Wellington (Nuova Zelanda) – Senza che quasi nessuno se ne accorga, il termine hacking sta perdendo il suo significato originario, come testimonia ulteriormente una proposta di legge avanzata in queste ore in Nuova Zelanda. L’uso insistito della parola hacking per indicare azioni di cracking che hanno sollevato grande scalpore, a lungo andare ne va storpiando il senso.
Accade così che una norma pensata per bollare come crimine l’irruzione violenta in un server internet, la sottrazione di dati contenuti nei computer assaltati o la modifica di pagine di siti web, si trasformi in una legge antihacking, sebbene l’hacking non abbia davvero granché a che fare con azioni del genere. Azioni che sono, appunto, compiute da crackers.
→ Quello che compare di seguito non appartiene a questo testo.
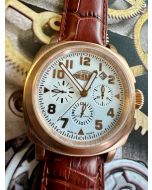 Moskau Classic Vodolaz Chronograph 45mm Poljot 31681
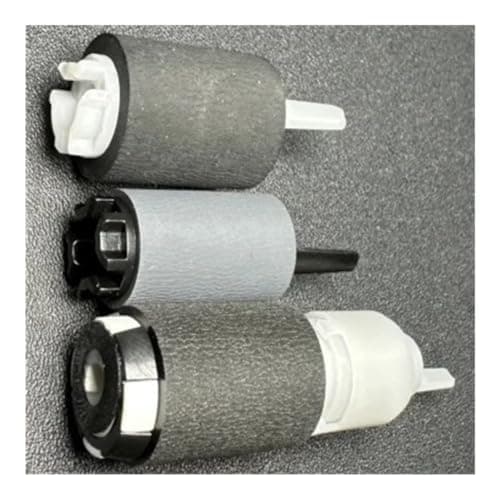 Image of 5-10set Pickup Feed Roller Fit For Kyocera 4002i 5002i 6002i 4052ci 5052ci 6052ci 2552ci 3252ci 302N406030 302ND94340 302ND94350 Replacement parts(10set Black on White)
A quanto si è appreso, l’idea delle autorità neozelandesi, in particolare del Governo che va spingendo per una legge ad hoc in Parlamento, è quella di prevedere pene detentive fino a due anni per una serie di atti di cracking fino ad oggi non perseguiti dalla legislazione del paese. Ci vorrà comunque del tempo prima che il Crimes Amendment Bill, oggi in esame in Commissione, si trasformi in una normativa “antihacking” dello Stato.